Good afternoon,
We’re looking at H5Dread_multi
to read from multiple (1000s or more) datasets in a single call. Reading the [RFC] the new feature seems very promising, i.e. to my understanding the idea is to compute a list of offsets and sizes to read, sort the list by file offset, (maybe add checks to remove overlapping regions or join reads separated by small gaps), read collectively using MPI I/O. Then somehow HDF5 needs to convert the bytes to something the user expects (decompression, big/small endian, etc.).
To a naive reader none of this requires the following condition:
All datasets must be in the same HDF5 file, and each unique dataset may only be listed once. If this function is called collectively in parallel, each rank must pass exactly the same list of datasets in dset_id , though the other parameters may differ.
Our use case is that each MPI rank wants to read mostly distinct datasets; and therefore doesn’t seem to naturally satisfy the restriction mentioned above. The details about how many and how big each dataset is, have been described here [1]. However, feel free to ask for further information as needed.

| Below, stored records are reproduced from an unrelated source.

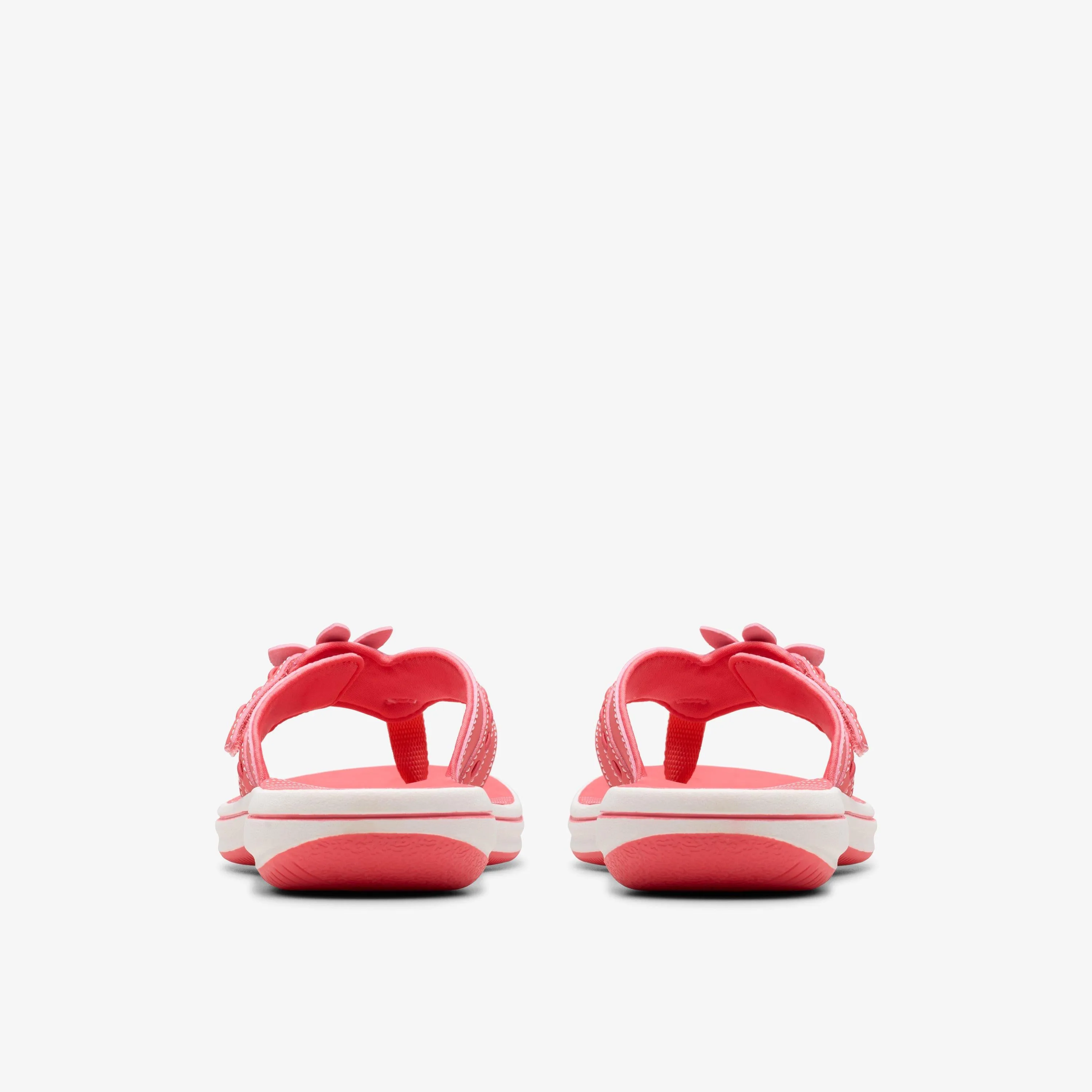 Clarks Women's Breeze Opal H Cherry 26182325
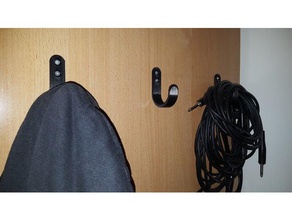 coat hanger household supplies hook 3d print model - Mito3D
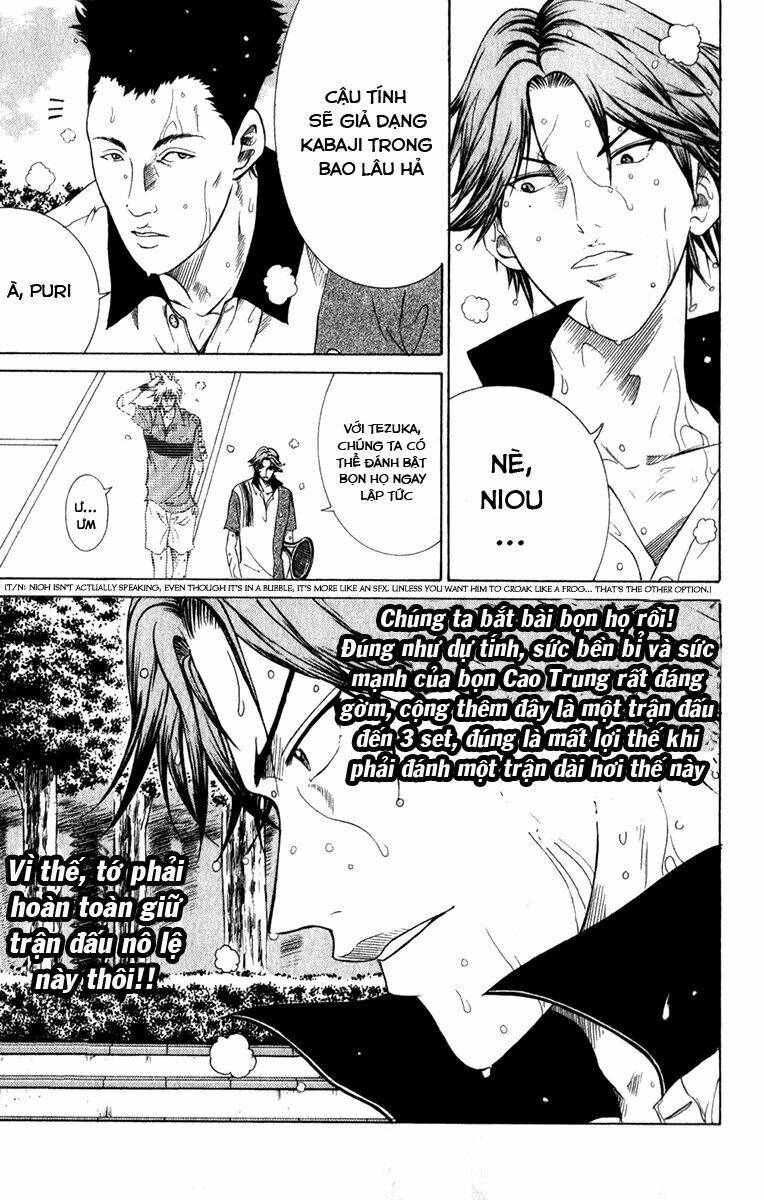 new prince of tennis chapter 74 - Trang 2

We have the following questions:
- Is
H5Dread_multi
intended to work in our usecase? If yes:- How would we use it? One idea would be to: exchange the names of all datasets; open all datasets on every MPI rank; and tell almost every MPI rank to read
0
elements. I’m skeptical of this approach, because it in some ways it increases the size of the problem proportional to the number of MPI ranks in order to benefit from improved access patterns to the parallel filesystem. - Can HIDs be
MPI_Allgather
ed or are only valid in the process they were created?
- How would we use it? One idea would be to: exchange the names of all datasets; open all datasets on every MPI rank; and tell almost every MPI rank to read
- If not: can this feature be extended to support the case of many small groups? Are there any plans to do so?
Thank you for your time and help.